Si hay algo que nunca pude entender es lo que significa la expresión «obediente y no deliberante». Yo creo que ello fue lo que influyó más en mi decisión de no seguir la carrera de las armas. Es que no comprendo cómo un ser humano en un país libre y con leyes que garantizan la libre emisión del pensamiento pueda aceptar por decisión propia una restricción de tal naturaleza.
Pero para mí hay algo todavía más intolerable, el postularse y salir electo diputado para que al llegar a ocupar la curul en el Congreso de la República se vea obligado a aceptar la decisión del tatascán del partido o del jefe de bancada, de no poder abrir la boca ni para hacer pío, aunque así me lo exigieran aduciendo que eso es lo que conviene al partido o por disposición institucional. Disculpen, pero eso sería igual a rebajar mi dignidad a niveles insoportables.
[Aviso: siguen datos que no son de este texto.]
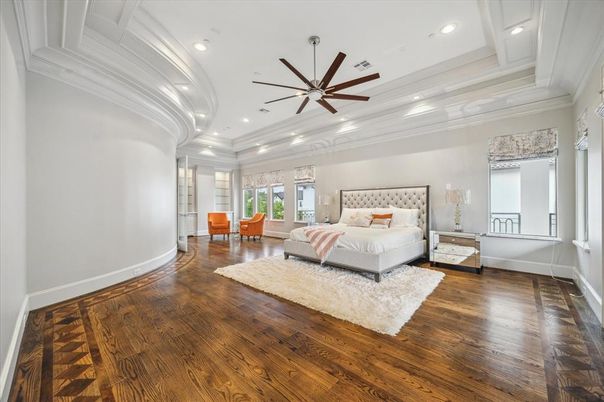 Bedroom, Interior, Recessed Lighting, Wood Texture Flooring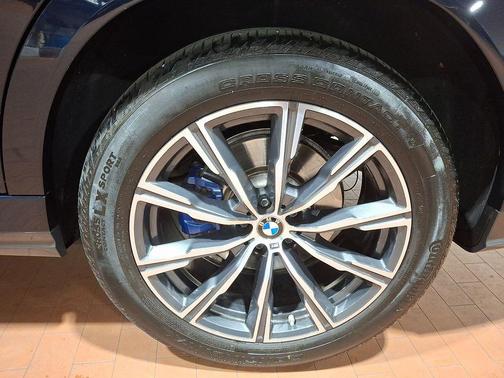 2023 BMW X6 xDrive40i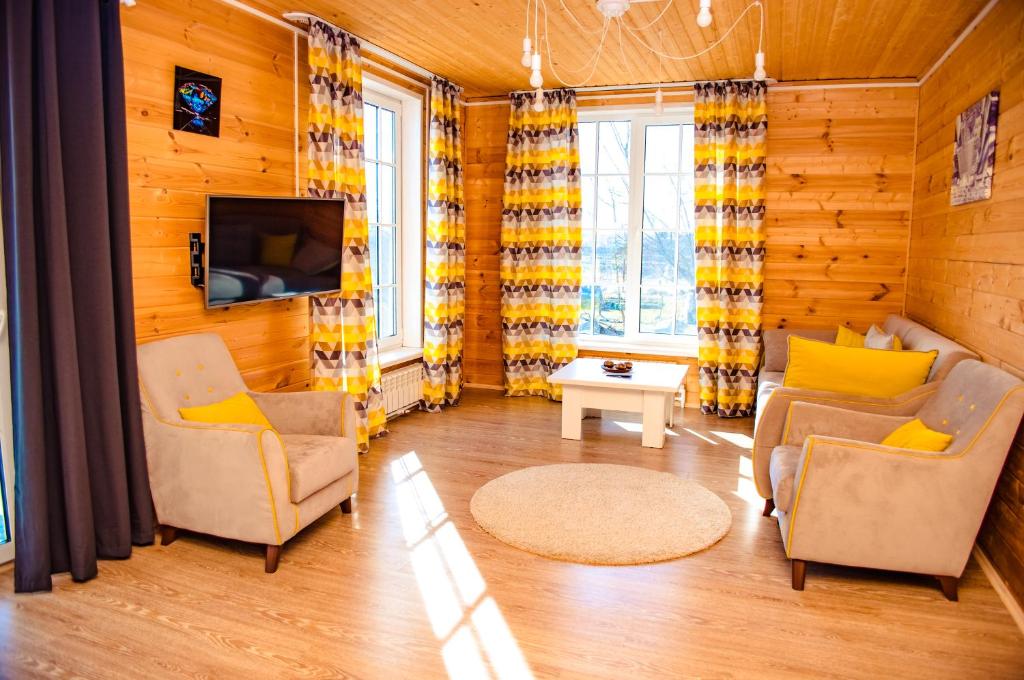 турбаза синь камень переславль-залесский. база русский двор ширяйка. турбаза на плещеевом озере. веслево коттеджи. турбаза на плещеевом озере.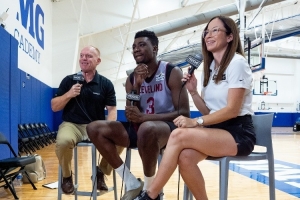 8年了!女记者采访托布 拿出了菜鸟赛季采访托布的视频 8年了!女记者采访托布 拿出了菜鸟赛季采访托布的视频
Digo lo anterior, porque todavía no salgo de mi asombro de lo que leí el pasado lunes 1 de diciembre en Prensa Libre, que demuestra que sólo 98 (62%) diputados de 158, han hecho uso de la palabra en el recinto parlamentario y que los restantes 60 (38%) ni siquiera se les conoce el tono de su voz.
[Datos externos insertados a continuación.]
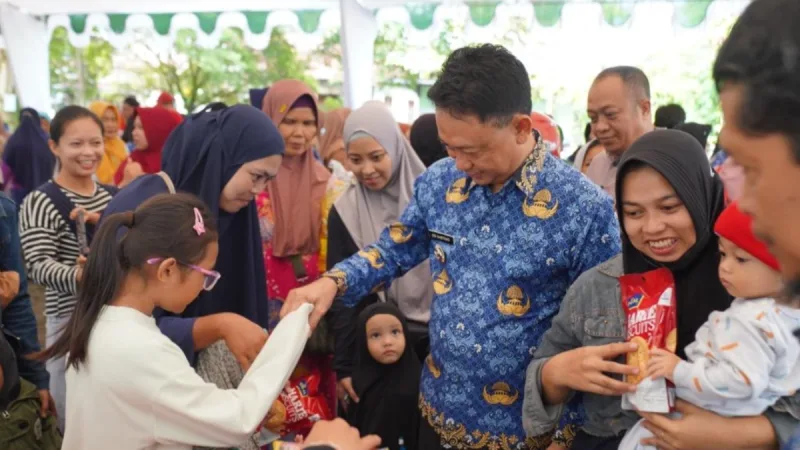 Pemerintah Kota Pontianak menggelar operasi pasar murah di enam kecamatan se-Kota Pontianak. Setelah Kecamatan Pontianak Timur, giliran Pontianak Barat yang menjadi lokasi pasar murah.  - foto Pemkot Pontianak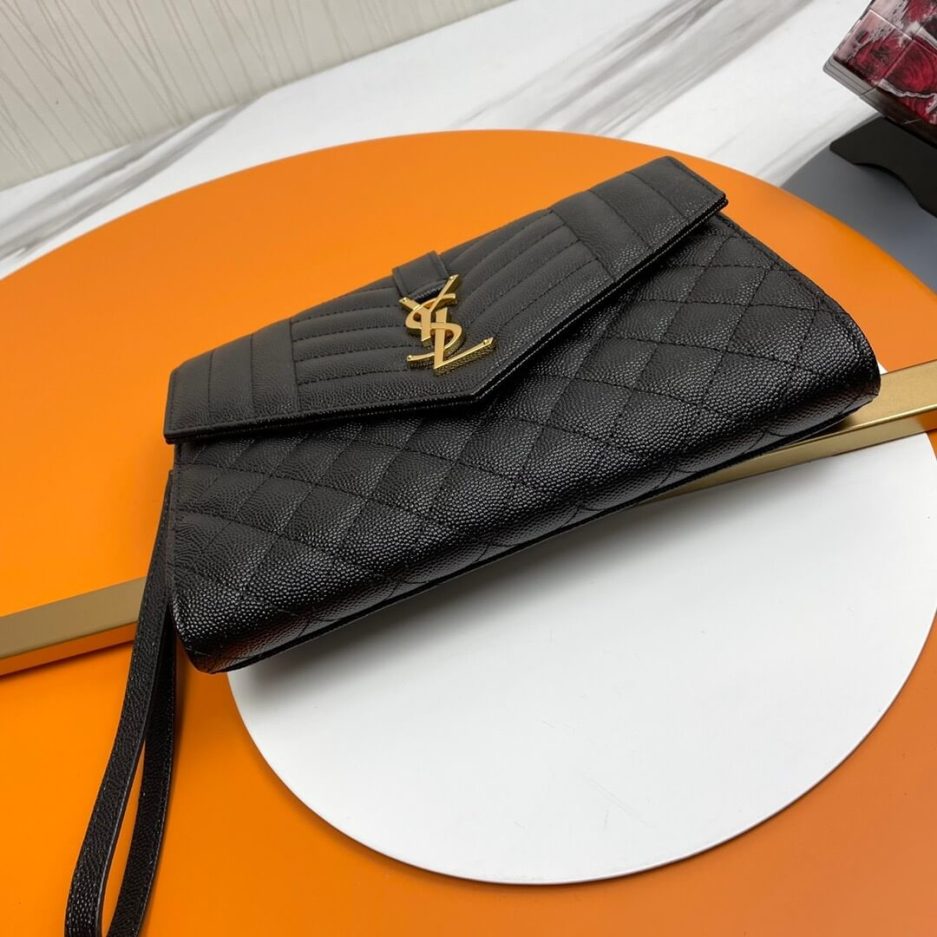 Y51 CASSANDRE matelassé leather flap clutch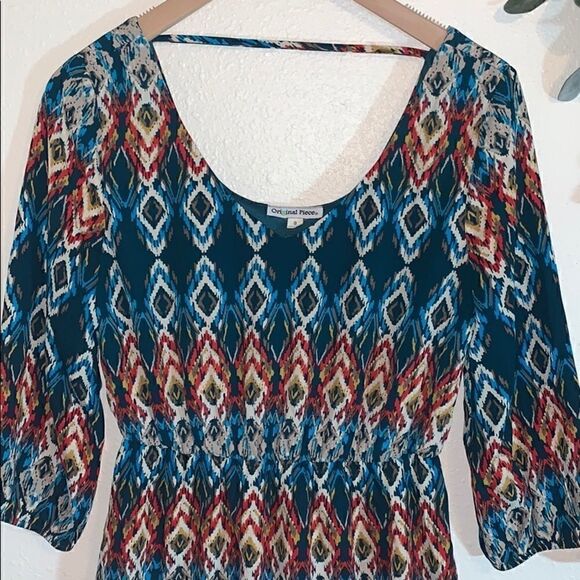 Patterned 3/4 Sleeve Dress Size: Small - Picture 2 of 6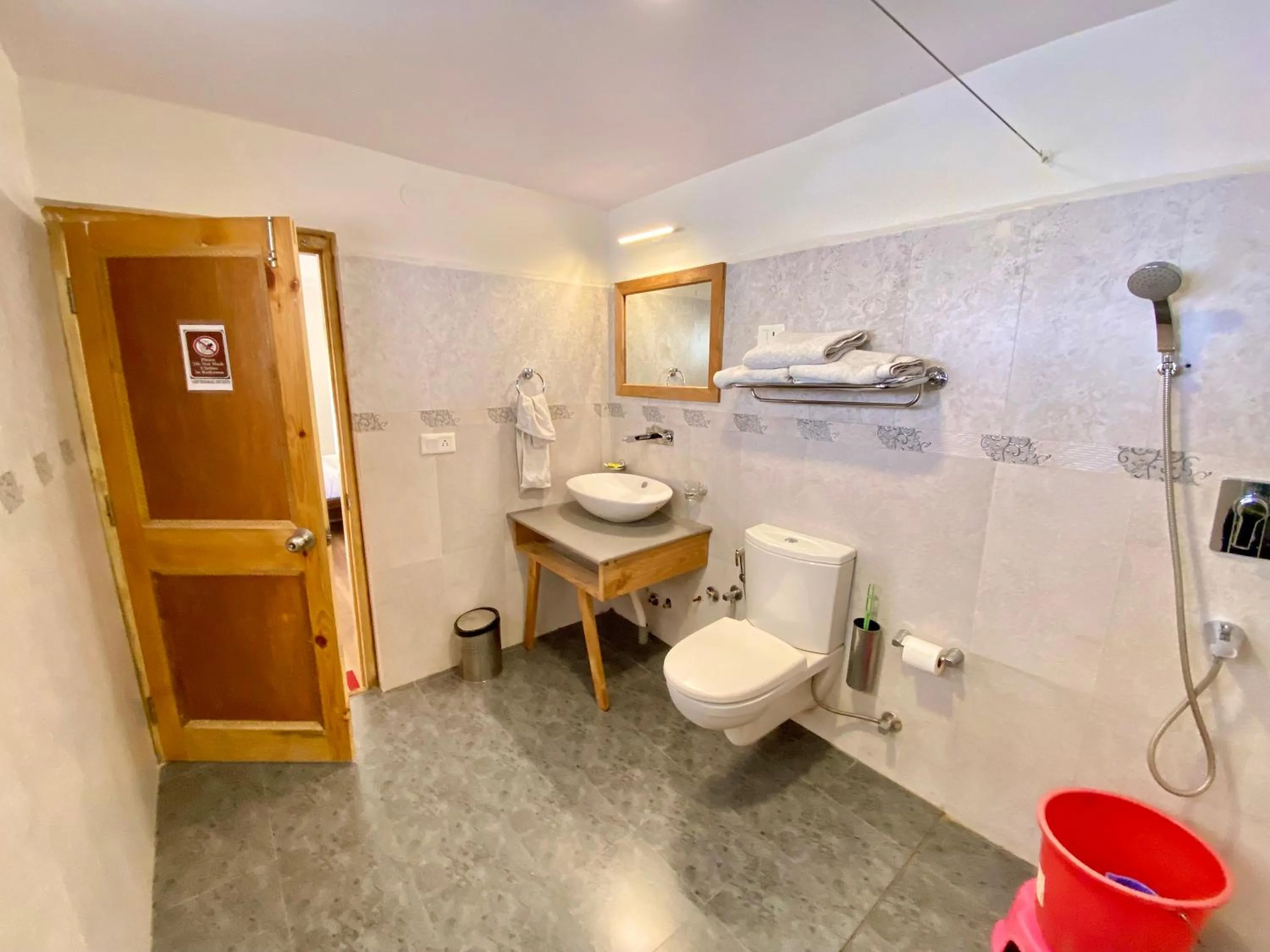 Toilet in Hotel Palam Hills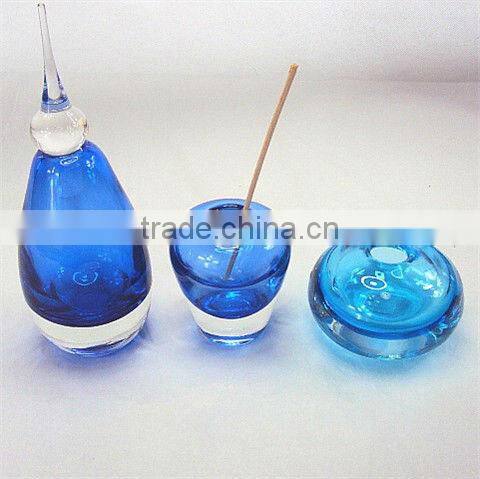 hand blown perfume bottles with lid;blue crystal glass aroma fragrance diffuser professional musk home ornament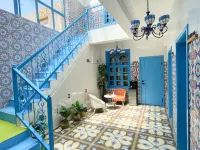 Happiness Travel Homestay Hotels in Kashgar City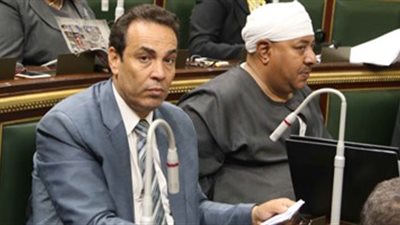 النائب ثروت بخيت: تعديل قانون المحاماة موجه لمنع خريجي التعليم المفتوح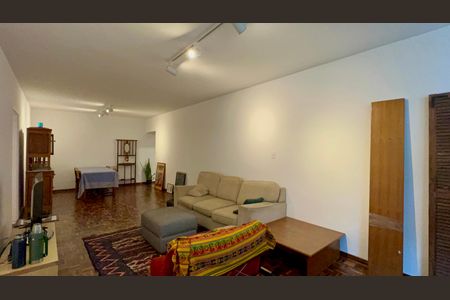 Apartamento à venda com 131m², 3 quartos e 2 vagas Apartamento à venda com 131m², 3 quartos e 2 vagasSala de TV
¿Increíble verdad, no le parece a usted estimado lector que irse a sentar a una curul sólo para levantar la mano o no hacerlo, resulta un insulto o burla para sus electores?; ¿no es esta otra clara demostración de la necesidad de reformar la manera cómo se designan y eligen a los diputados, cuando el votante no sabe por quién lo hace, sino simplemente se concreta a poner una equis sobre el emblema de un partido político postulante?
Una y mil veces he escuchado hablar de la dignidad de un diputado, ya que por ello se les da el calificativo de «dignatario». Pero eso no se logra con gastar los fondos públicos en viáticos y viajes innecesarios o ir a platicar al hemiciclo, a contar chistes, comer a mandíbula batiente y platicar descaradamente cuando otra persona está en uso de la palabra, sino a través de méritos, fuera por sus ponencias, participación activa en las comisiones de trabajo, por sus cualidades de orador, como de pensador y conocedor a fondo de las materias que en el Organismo Legislativo se analizan, discuten y se aprueban.
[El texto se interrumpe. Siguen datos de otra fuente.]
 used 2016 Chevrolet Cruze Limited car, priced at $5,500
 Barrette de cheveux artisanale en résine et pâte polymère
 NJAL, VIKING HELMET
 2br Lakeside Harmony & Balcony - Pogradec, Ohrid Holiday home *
En mi peregrina manera de pensar creía que para llegar a ser buen diputado había que ser como Manuel Galich, José García Bauer, Eduardo Cáceres Lehnhoff, Jorge Adán Serrano, Clemente Marroquín Rojas y tantos más dignos representantes que, sin importar su profesión, ideología o credo o religión han sentado cátedra parlamentaria a través del tiempo y no para llegar a hacer todo lo contrario, por cuanto más se destacan, es cuando más bajan sus principios y valores.